In a year filled with upsets including an irrelevant Clemson and early losses by Ohio St and Alabama it’s looking like we will be left with no newcomers to the CFP. Barring a Michigan upset or some other unlikely result we could have Georgia-Alabama-Ohio St and Oregon/Oklahoma/Notre Dame. You just know the committee won’t put in Cinci unless each of the above is sitting with 2 losses and I don’t see Wake getting the nod even if they are a one loss ACC champion. Same with Okie St. Just feels like they are all-in on choosing the biggest brands as tiebreakers which in turn solidifies those same programs in recruiting etc. This is a huge bummer.
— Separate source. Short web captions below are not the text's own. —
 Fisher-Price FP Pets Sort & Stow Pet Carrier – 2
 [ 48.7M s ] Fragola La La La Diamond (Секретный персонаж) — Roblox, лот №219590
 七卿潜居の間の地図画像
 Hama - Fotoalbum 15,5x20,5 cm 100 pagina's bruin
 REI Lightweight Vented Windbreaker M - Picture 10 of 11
Klatt is 100% right. CFB desperately needs to expand the CFB to at least 8 so that we get a little more variety and less subjectivity.
Oklahoma and Notre Dame aren’t getting in ahead of Cincy
 
Scholarship limits were implemented with fairness and parity in mind, but clearly hasn’t worked long term. Would you support a coaching salary pool cap like Joel suggests in order to create more parity? I assume his arbitrary $11m is assistant pool, but maybe a larger, total number should include head coach as well? Thoughts?
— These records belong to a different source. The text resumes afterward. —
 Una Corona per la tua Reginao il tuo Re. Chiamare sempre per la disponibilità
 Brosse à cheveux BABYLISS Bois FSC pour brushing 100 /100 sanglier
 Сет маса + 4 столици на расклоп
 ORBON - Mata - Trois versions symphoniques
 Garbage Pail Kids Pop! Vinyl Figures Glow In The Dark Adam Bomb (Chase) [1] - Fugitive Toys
If you really want to make a dent in wins and losses coaches pay is not it. What would work imho is reducing scholarships based on success. Much like the NFL team that wins the SB drafts last, the college team that wins it all has the least scholarships to give that march (symbolic, i know). Whereas the worst teams would have the most scholarships. Base it largely on win loss records.
 
If you really want to make a dent in wins and losses coaches pay is not it. What would work imho is reducing scholarships based on success. Much like the NFL team that wins the SB drafts last, the college team that wins it all has the least scholarships to give that march (symbolic, i know). Whereas the worst teams would have the most scholarships. Base it largely on win loss records.
This actually isn't a terrible idea.

NIL renders it competely ineffective, but prior to nil it actually would have worked.